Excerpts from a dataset
■ ■ ■ ■ ■ ■ ■

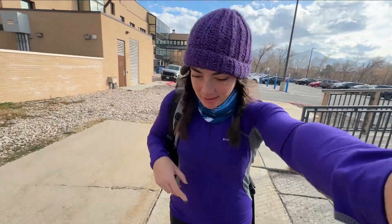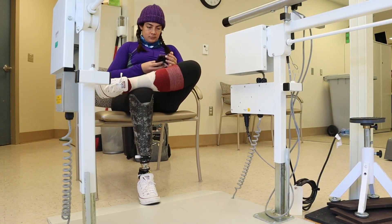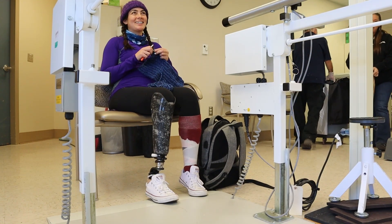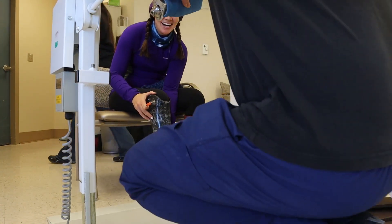All right, take two of trying to get my check socket. It is Thursday. My new leg should be fabricated — fab-ricated. Hopefully it goes good this time and I get to bring home a leg. Are you ready for me to break another leg? I'm ready for what? For me to break another leg? No, you're not breaking it. Just to see how it's not clear.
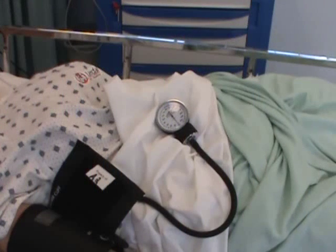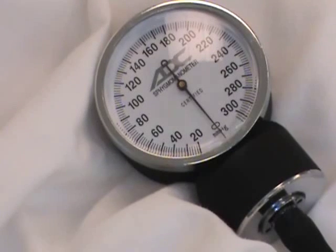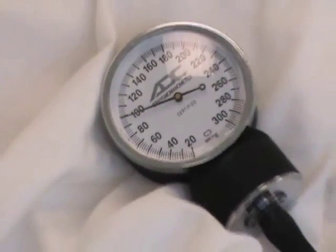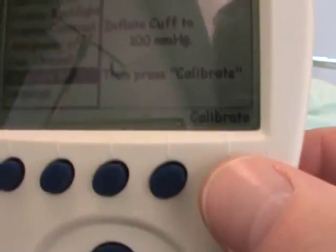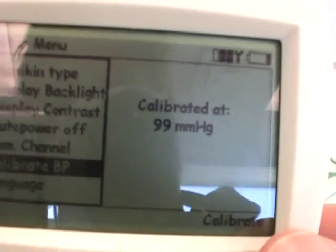The handheld device has told us to inflate the cuff to 100 and then press calibrate. I'm going to do something that nurses have done a million times and inflate the cuff, remembering that I'm only using the cuff that the machine came with. And there we are at 100. Coming back now to our handheld device, I press the calibrate button right here. And the machine says calibrated at 99 millimeters of mercury.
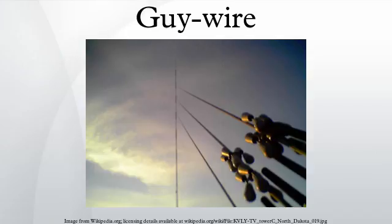A guy wire, guy line, guy rope or guide wire, also known as simply a guy, is a tensioned cable designed to add stability to a freestanding structure.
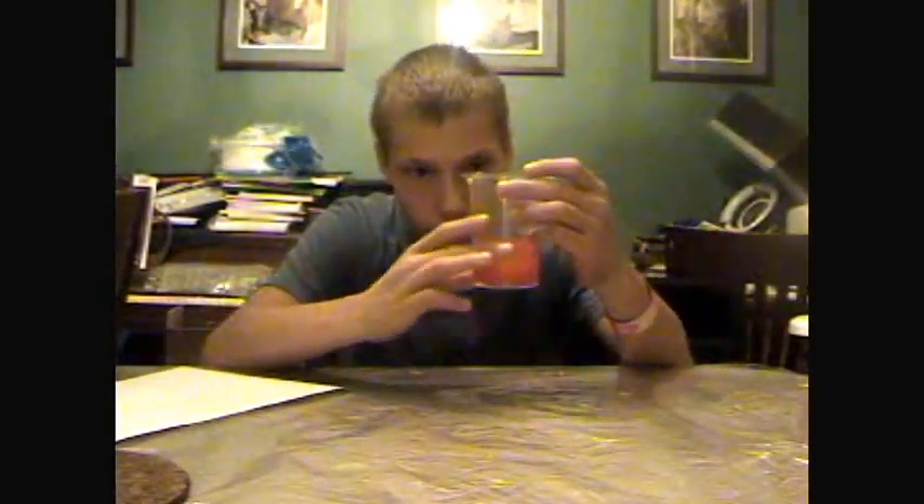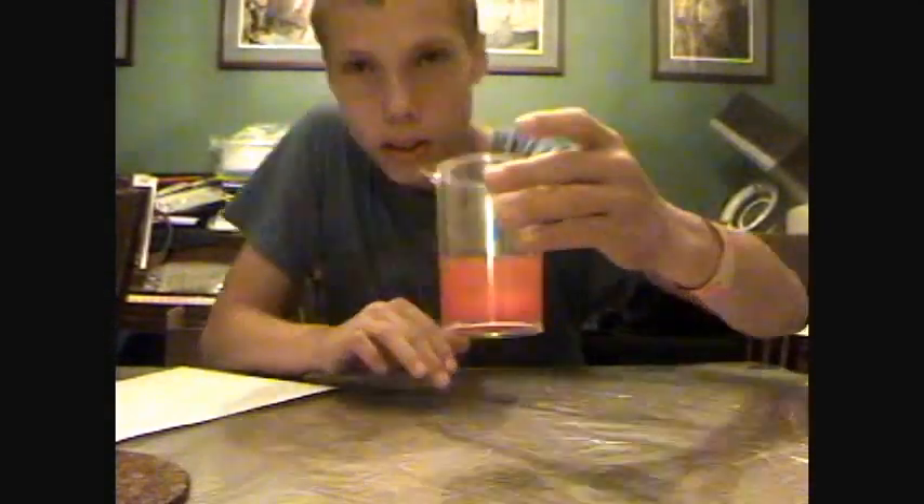And it's gone. And that is — well, not how you do it — but that is the vanishing liquid trick. See? The liquid is now gone. Ordinary pitcher. Ordinary water.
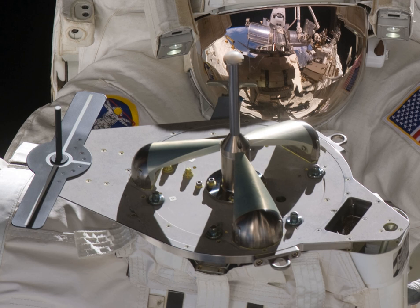The Power and Video Grapple Fixture allows for grappling and latching. It has electrical connectors for data, video, and power. The electrical connections are compatible with the Space Station Remote Manipulator System, also known as Canadarm 2.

■ ■ ■ ■ ■ ■ ■

# WHAT YOU WILL DO
Repeat every line above exactly, minus the pictures.

# ANSWER FOR THIS EXERCISE
All right, take two of trying to get my check socket. It is Thursday. My new leg should be fabricated — fab-ricated. Hopefully it goes good this time and I get to bring home a leg. Are you ready for me to break another leg? I'm ready for what? For me to break another leg? No, you're not breaking it. Just to see how it's not clear.
The handheld device has told us to inflate the cuff to 100 and then press calibrate. I'm going to do something that nurses have done a million times and inflate the cuff, remembering that I'm only using the cuff that the machine came with. And there we are at 100. Coming back now to our handheld device, I press the calibrate button right here. And the machine says calibrated at 99 millimeters of mercury.
A guy wire, guy line, guy rope or guide wire, also known as simply a guy, is a tensioned cable designed to add stability to a freestanding structure.
And it's gone. And that is — well, not how you do it — but that is the vanishing liquid trick. See? The liquid is now gone. Ordinary pitcher. Ordinary water.
The Power and Video Grapple Fixture allows for grappling and latching. It has electrical connectors for data, video, and power. The electrical connections are compatible with the Space Station Remote Manipulator System, also known as Canadarm 2.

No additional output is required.